(Records from a data source)
━━━━━━

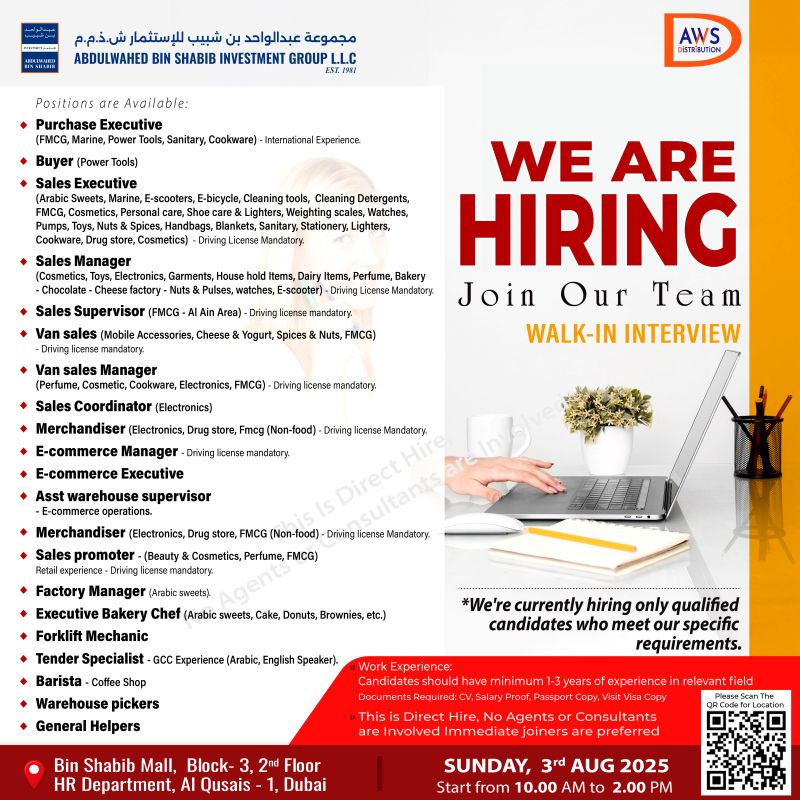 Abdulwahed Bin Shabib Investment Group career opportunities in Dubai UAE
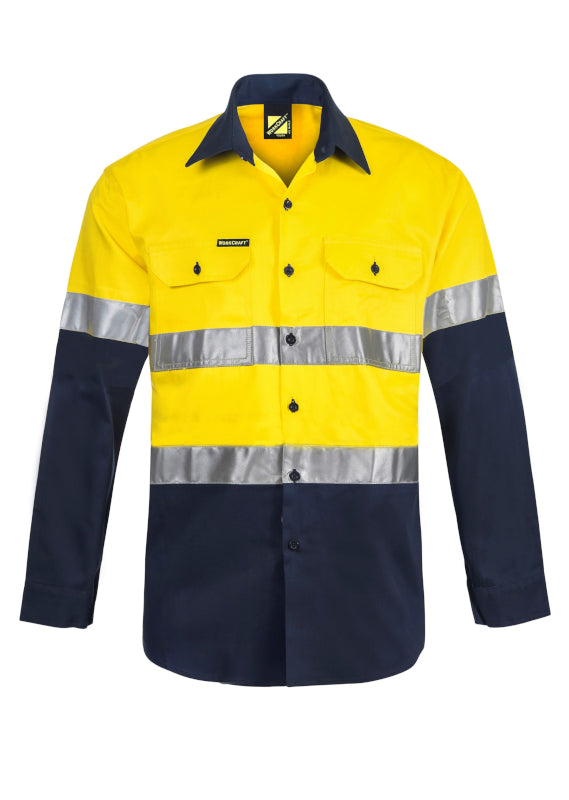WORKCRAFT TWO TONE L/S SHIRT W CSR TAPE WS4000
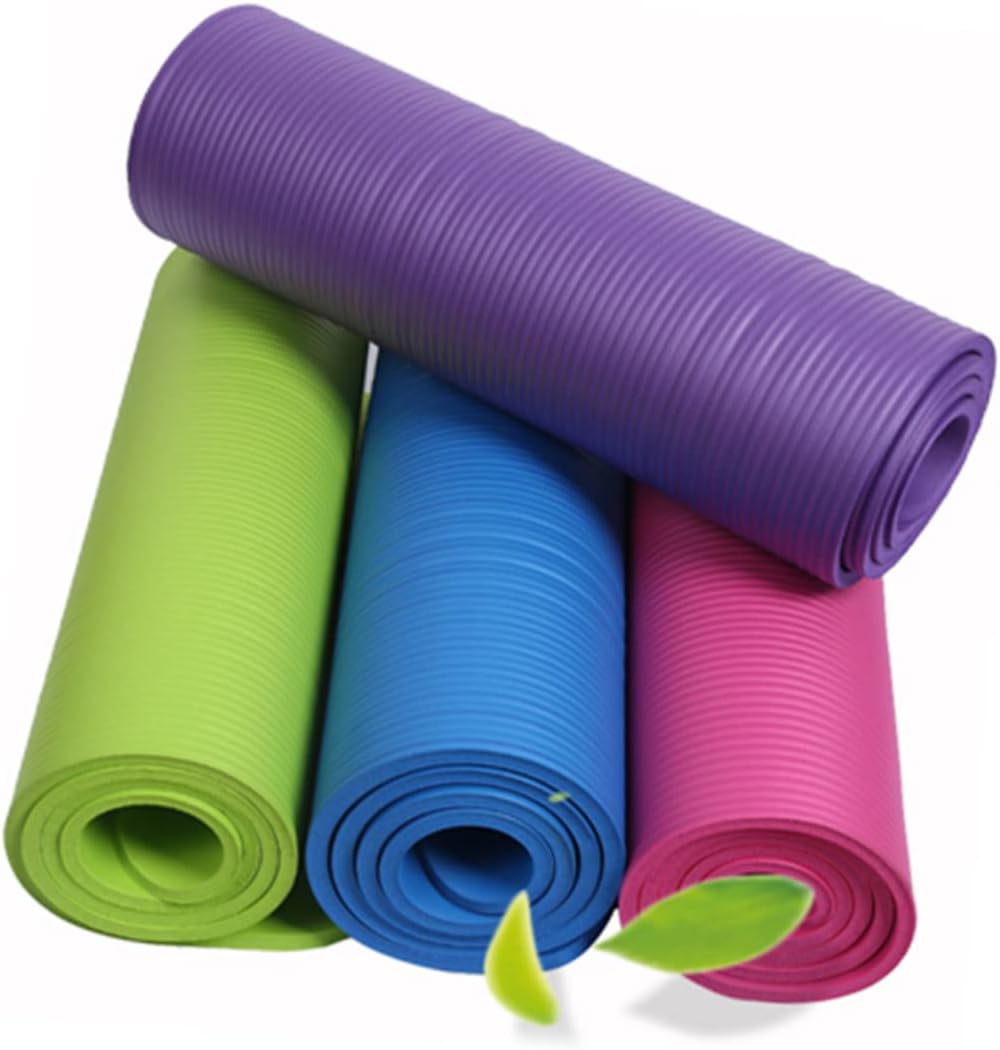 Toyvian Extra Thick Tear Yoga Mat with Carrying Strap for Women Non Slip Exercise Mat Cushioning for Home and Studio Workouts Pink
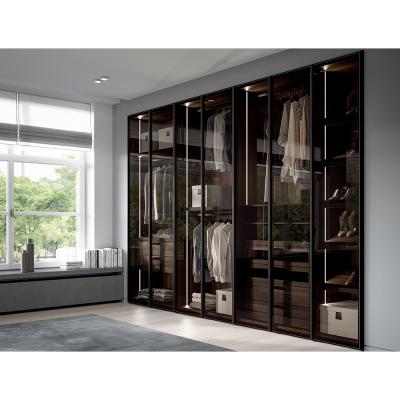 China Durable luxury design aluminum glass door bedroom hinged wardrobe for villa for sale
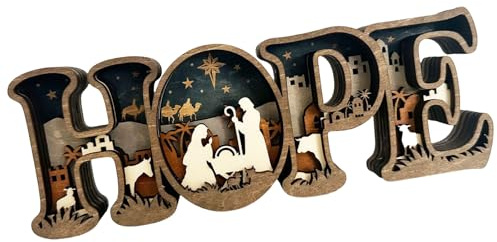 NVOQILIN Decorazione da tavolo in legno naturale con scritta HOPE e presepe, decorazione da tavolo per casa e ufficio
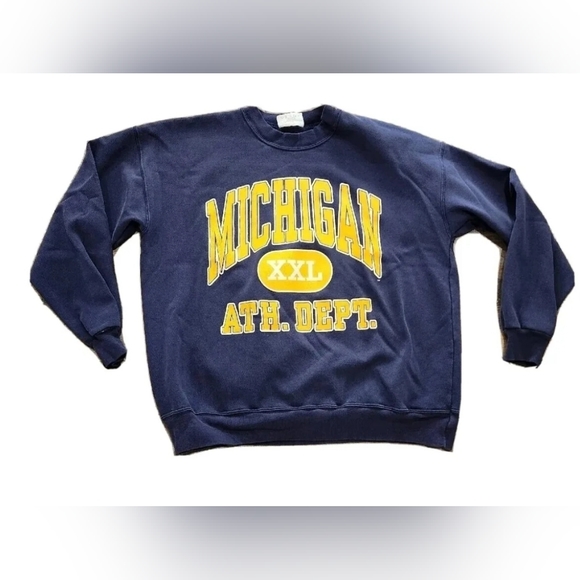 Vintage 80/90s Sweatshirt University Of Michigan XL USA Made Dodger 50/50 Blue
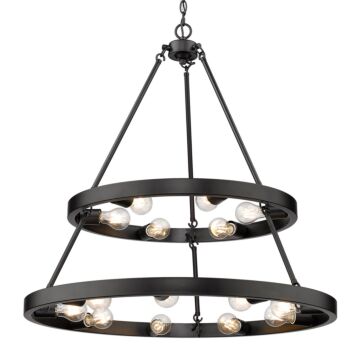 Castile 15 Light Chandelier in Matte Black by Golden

━━━━━━

* _Exercise details_
Once the pictures are removed, set down what remains of the entries above exactly.

* _Answer to the exercise_
 Abdulwahed Bin Shabib Investment Group career opportunities in Dubai UAE
WORKCRAFT TWO TONE L/S SHIRT W CSR TAPE WS4000
 Toyvian Extra Thick Tear Yoga Mat with Carrying Strap for Women Non Slip Exercise Mat Cushioning for Home and Studio Workouts Pink
 China Durable luxury design aluminum glass door bedroom hinged wardrobe for villa for sale
 NVOQILIN Decorazione da tavolo in legno naturale con scritta HOPE e presepe, decorazione da tavolo per casa e ufficio
 Vintage 80/90s Sweatshirt University Of Michigan XL USA Made Dodger 50/50 Blue
 Castile 15 Light Chandelier in Matte Black by Golden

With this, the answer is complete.